TASK TO COMPLETE — Please transcribe the data below in full. Omit any picture you find in it.

RECORDS FOR PROCESSING —
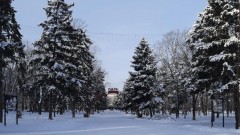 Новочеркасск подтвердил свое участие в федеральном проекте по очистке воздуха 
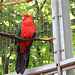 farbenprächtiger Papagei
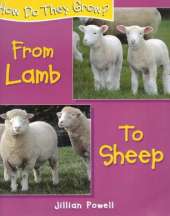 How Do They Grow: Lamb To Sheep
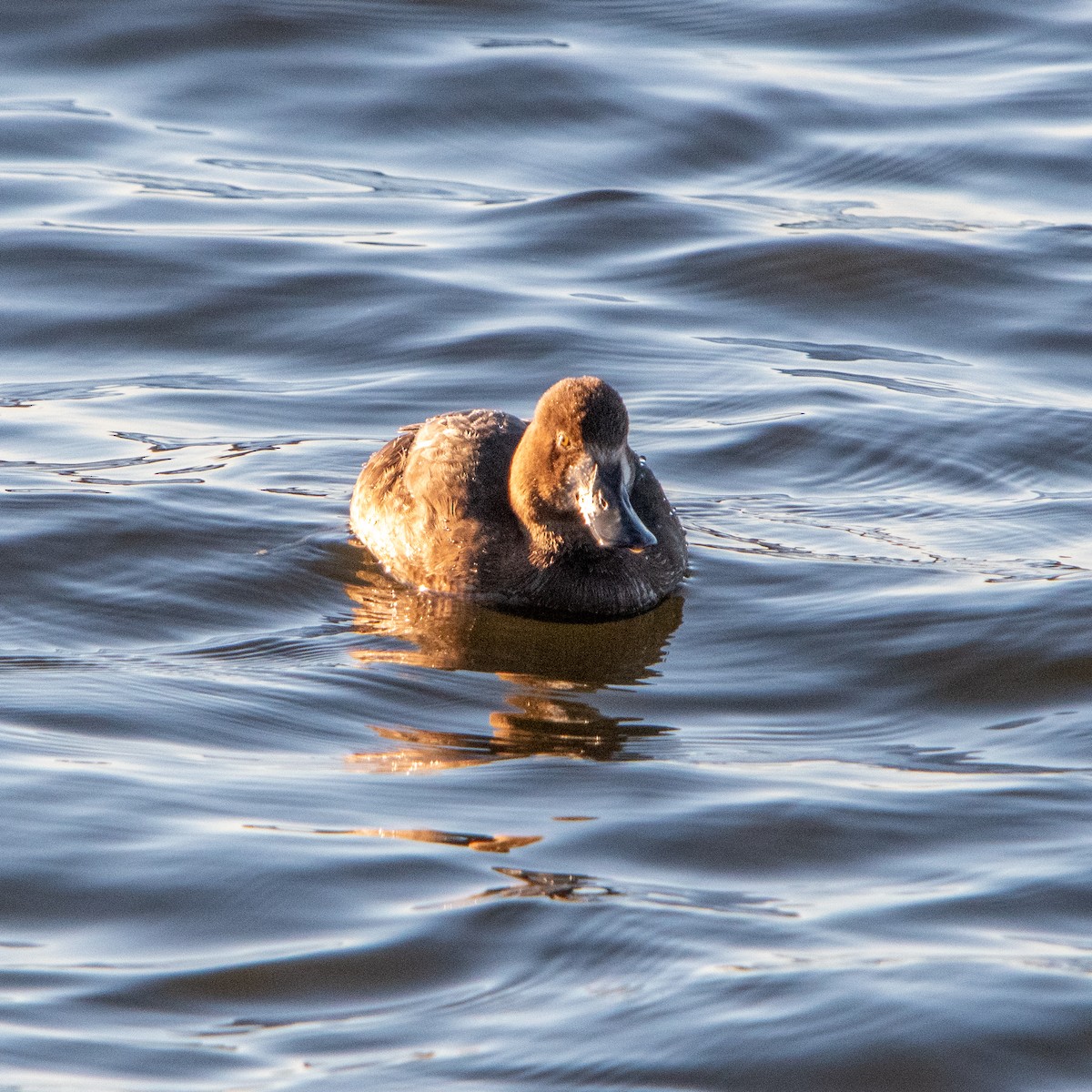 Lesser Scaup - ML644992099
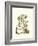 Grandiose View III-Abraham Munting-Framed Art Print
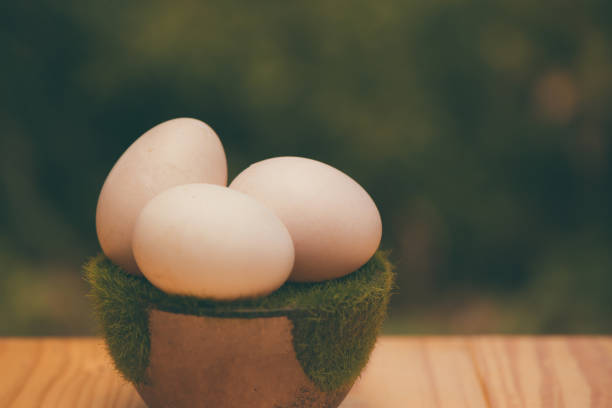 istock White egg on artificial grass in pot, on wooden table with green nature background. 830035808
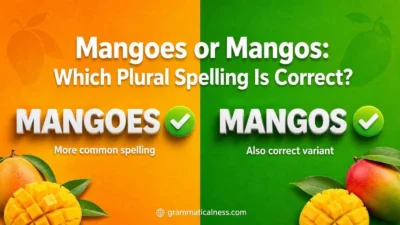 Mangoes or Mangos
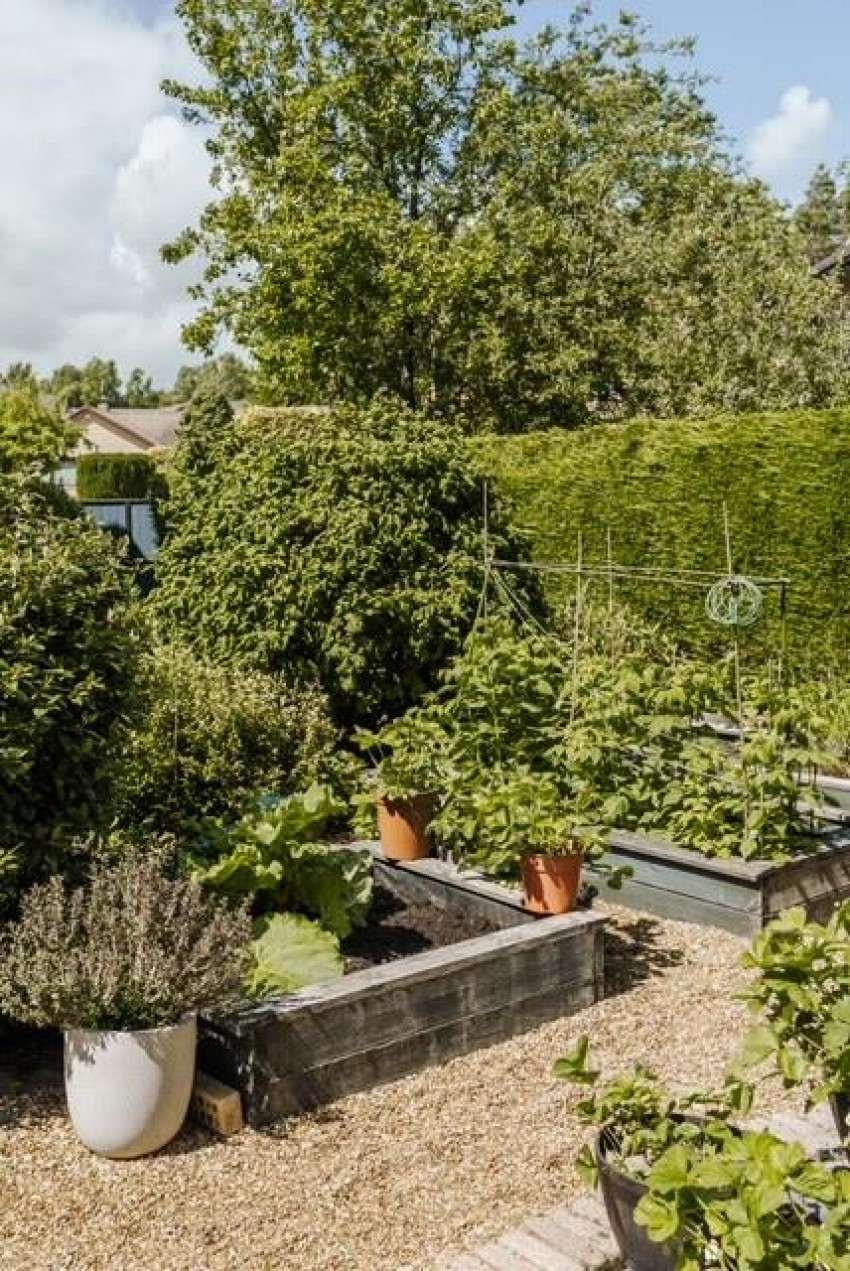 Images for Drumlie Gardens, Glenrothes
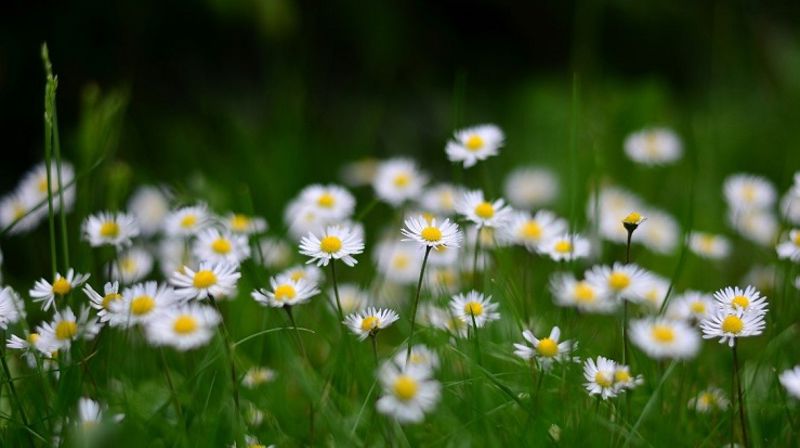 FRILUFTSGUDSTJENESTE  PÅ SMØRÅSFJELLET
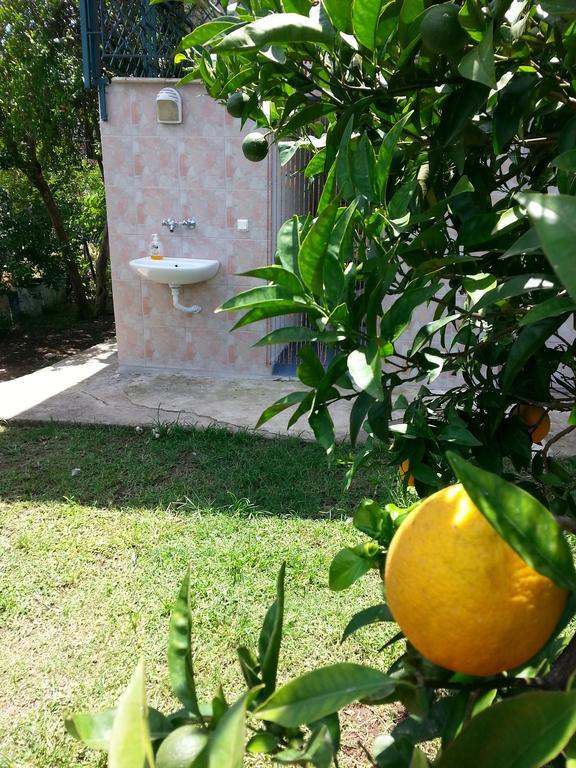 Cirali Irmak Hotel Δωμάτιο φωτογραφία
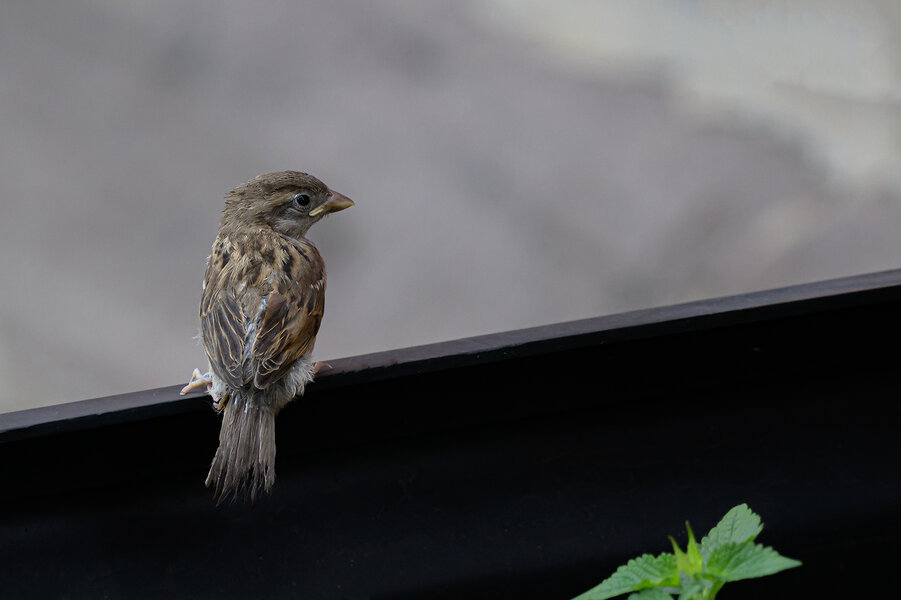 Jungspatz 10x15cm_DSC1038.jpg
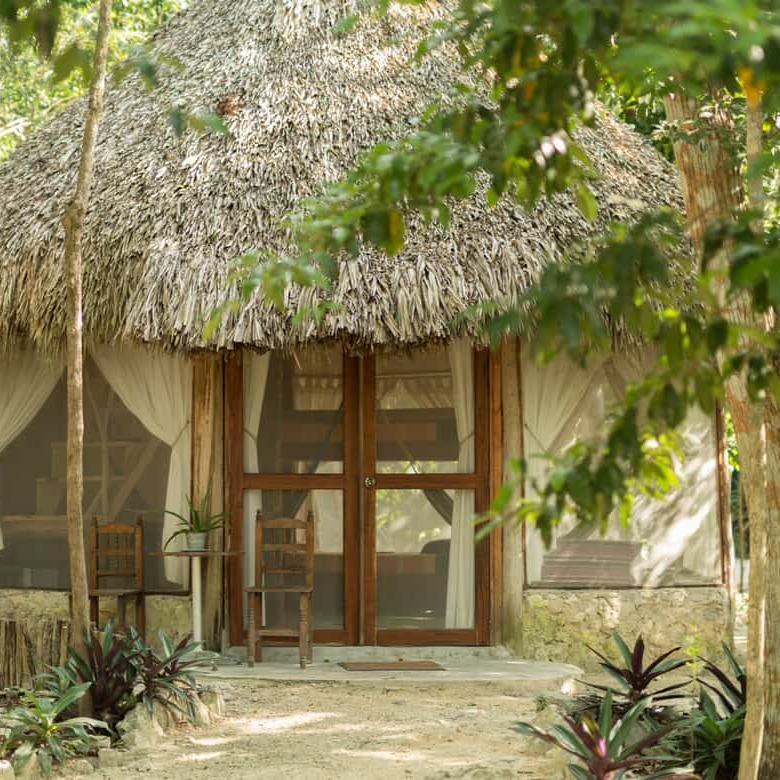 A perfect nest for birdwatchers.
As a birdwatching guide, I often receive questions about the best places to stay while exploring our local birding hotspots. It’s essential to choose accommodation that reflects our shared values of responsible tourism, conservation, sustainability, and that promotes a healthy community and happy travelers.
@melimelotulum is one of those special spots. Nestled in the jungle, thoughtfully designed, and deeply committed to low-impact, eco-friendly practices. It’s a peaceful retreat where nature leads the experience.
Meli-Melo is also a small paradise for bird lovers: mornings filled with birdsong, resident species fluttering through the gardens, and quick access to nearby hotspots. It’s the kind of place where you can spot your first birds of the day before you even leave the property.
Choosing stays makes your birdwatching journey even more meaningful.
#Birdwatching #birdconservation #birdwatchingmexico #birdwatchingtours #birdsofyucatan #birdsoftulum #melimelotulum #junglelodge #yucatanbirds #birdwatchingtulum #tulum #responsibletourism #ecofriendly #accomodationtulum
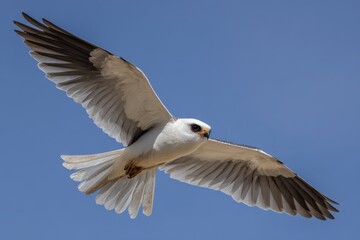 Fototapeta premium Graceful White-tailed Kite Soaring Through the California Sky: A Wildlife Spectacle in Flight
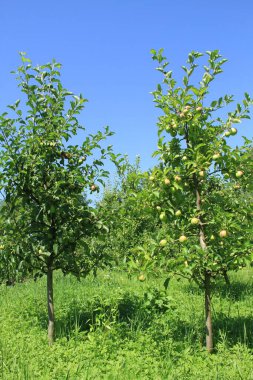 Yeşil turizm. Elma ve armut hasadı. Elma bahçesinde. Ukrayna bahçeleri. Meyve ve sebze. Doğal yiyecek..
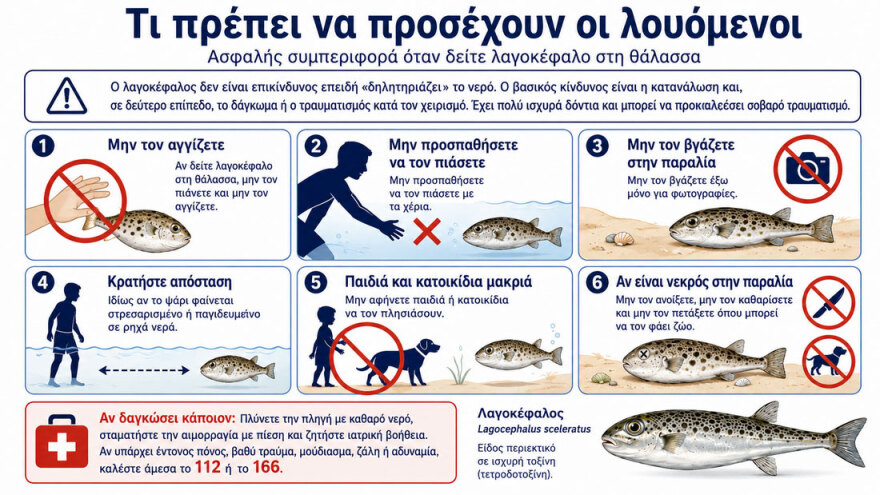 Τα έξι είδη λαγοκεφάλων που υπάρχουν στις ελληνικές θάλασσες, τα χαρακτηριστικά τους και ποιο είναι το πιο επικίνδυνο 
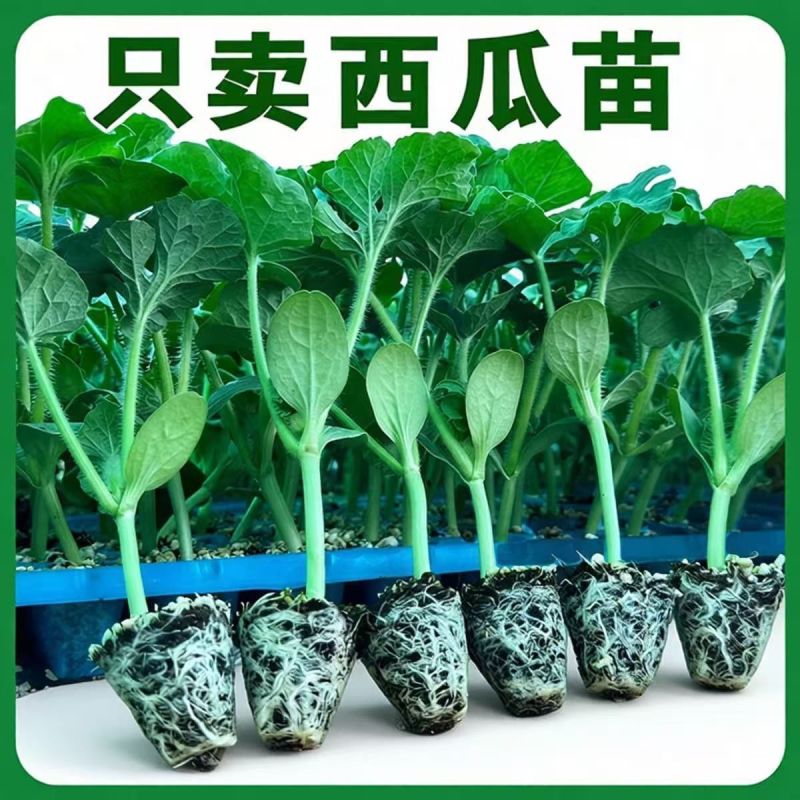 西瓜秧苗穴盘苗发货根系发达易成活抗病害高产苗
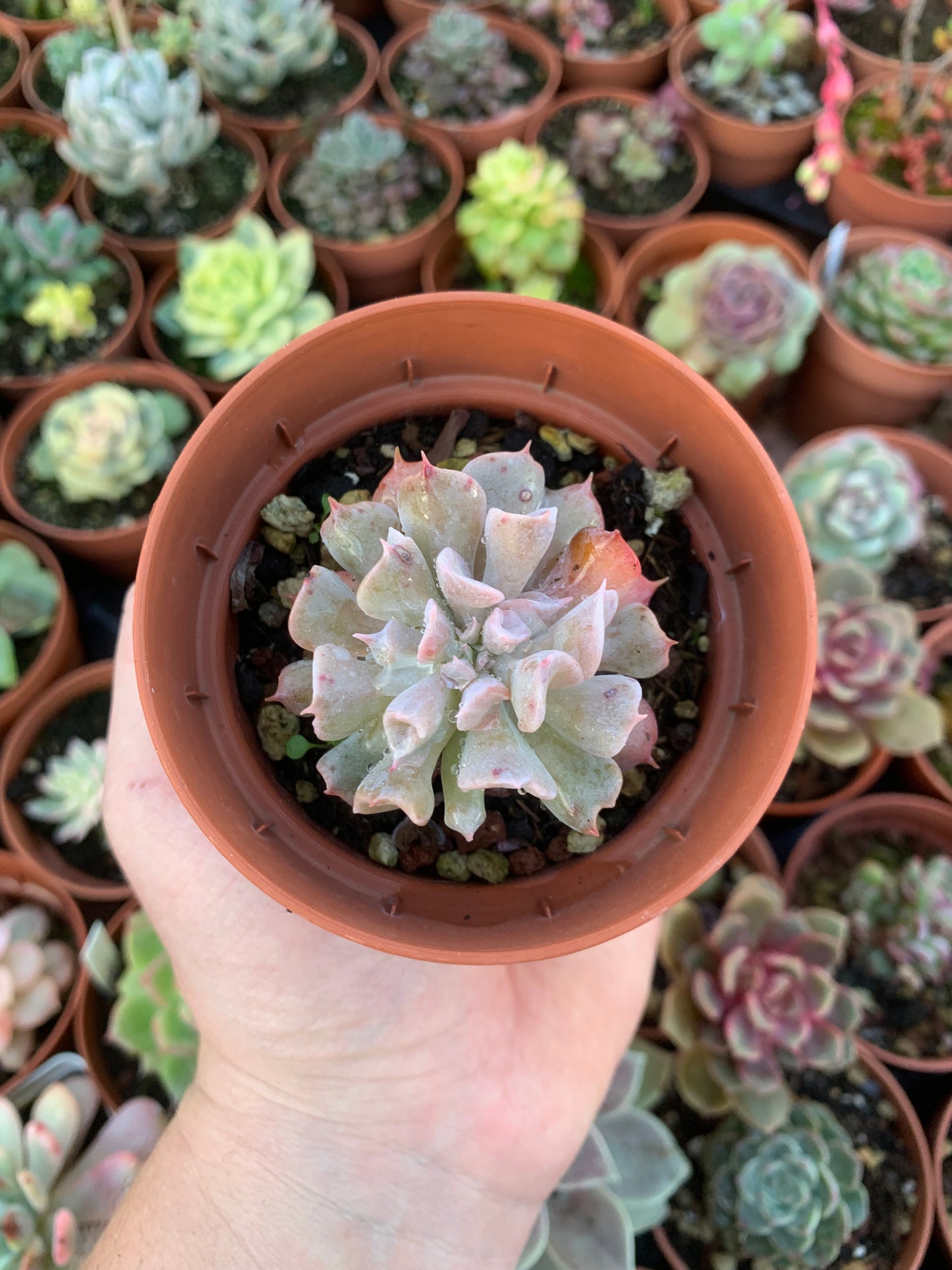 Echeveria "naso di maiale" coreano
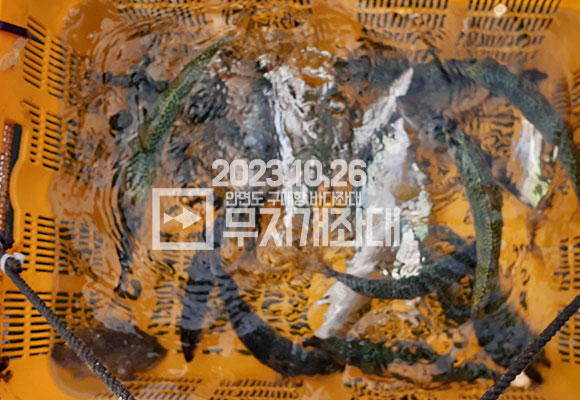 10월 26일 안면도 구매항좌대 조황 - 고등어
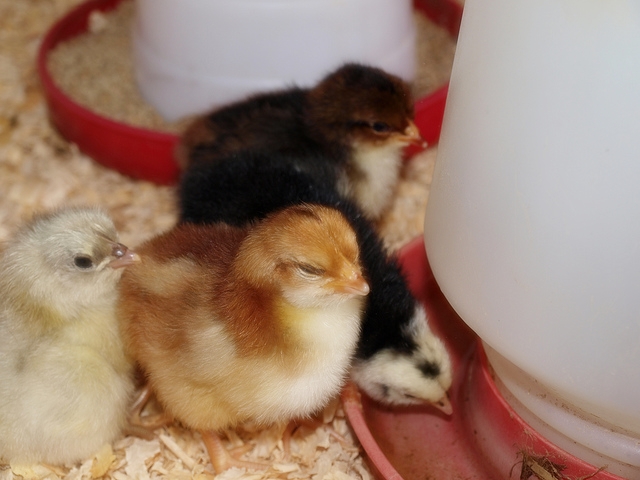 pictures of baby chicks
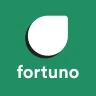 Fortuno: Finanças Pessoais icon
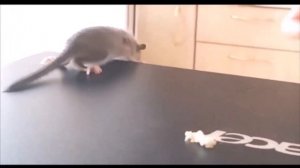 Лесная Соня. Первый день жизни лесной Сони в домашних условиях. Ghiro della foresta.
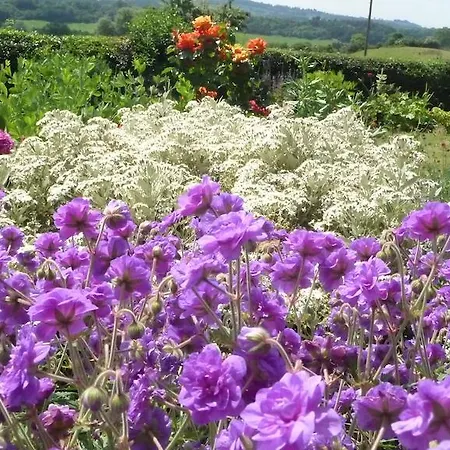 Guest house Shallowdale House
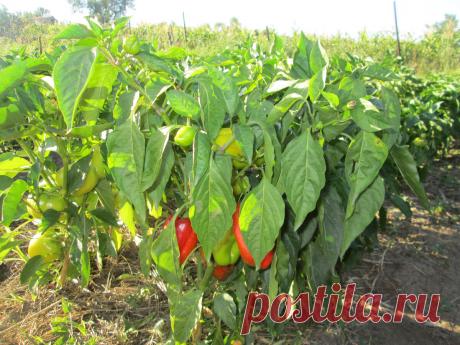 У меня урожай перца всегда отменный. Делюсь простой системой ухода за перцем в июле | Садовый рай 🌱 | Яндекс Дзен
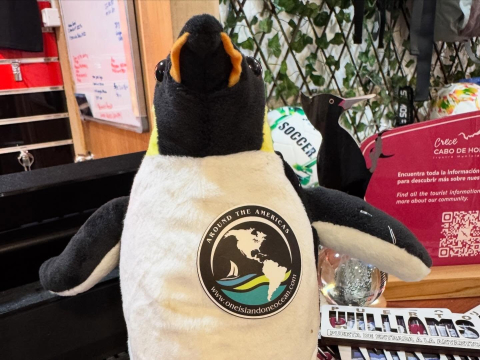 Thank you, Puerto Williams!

OUTPUT FOR THIS EXERCISE —
 Новочеркасск подтвердил свое участие в федеральном проекте по очистке воздуха 
 farbenprächtiger Papagei
 How Do They Grow: Lamb To Sheep
 Lesser Scaup - ML644992099
 Grandiose View III-Abraham Munting-Framed Art Print
 istock White egg on artificial grass in pot, on wooden table with green nature background. 830035808
 Mangoes or Mangos
 Images for Drumlie Gardens, Glenrothes
 FRILUFTSGUDSTJENESTE  PÅ SMØRÅSFJELLET
 Cirali Irmak Hotel Δωμάτιο φωτογραφία
 Jungspatz 10x15cm_DSC1038.jpg
 A perfect nest for birdwatchers.
As a birdwatching guide, I often receive questions about the best places to stay while exploring our local birding hotspots. It’s essential to choose accommodation that reflects our shared values of responsible tourism, conservation, sustainability, and that promotes a healthy community and happy travelers.
@melimelotulum is one of those special spots. Nestled in the jungle, thoughtfully designed, and deeply committed to low-impact, eco-friendly practices. It’s a peaceful retreat where nature leads the experience.
Meli-Melo is also a small paradise for bird lovers: mornings filled with birdsong, resident species fluttering through the gardens, and quick access to nearby hotspots. It’s the kind of place where you can spot your first birds of the day before you even leave the property.
Choosing stays makes your birdwatching journey even more meaningful.
#Birdwatching #birdconservation #birdwatchingmexico #birdwatchingtours #birdsofyucatan #birdsoftulum #melimelotulum #junglelodge #yucatanbirds #birdwatchingtulum #tulum #responsibletourism #ecofriendly #accomodationtulum
 Fototapeta premium Graceful White-tailed Kite Soaring Through the California Sky: A Wildlife Spectacle in Flight
 Yeşil turizm. Elma ve armut hasadı. Elma bahçesinde. Ukrayna bahçeleri. Meyve ve sebze. Doğal yiyecek..
 Τα έξι είδη λαγοκεφάλων που υπάρχουν στις ελληνικές θάλασσες, τα χαρακτηριστικά τους και ποιο είναι το πιο επικίνδυνο 
 西瓜秧苗穴盘苗发货根系发达易成活抗病害高产苗
 Echeveria "naso di maiale" coreano
 10월 26일 안면도 구매항좌대 조황 - 고등어
 pictures of baby chicks
 Fortuno: Finanças Pessoais icon
 Лесная Соня. Первый день жизни лесной Сони в домашних условиях. Ghiro della foresta.
 Guest house Shallowdale House
 У меня урожай перца всегда отменный. Делюсь простой системой ухода за перцем в июле | Садовый рай 🌱 | Яндекс Дзен
 Thank you, Puerto Williams!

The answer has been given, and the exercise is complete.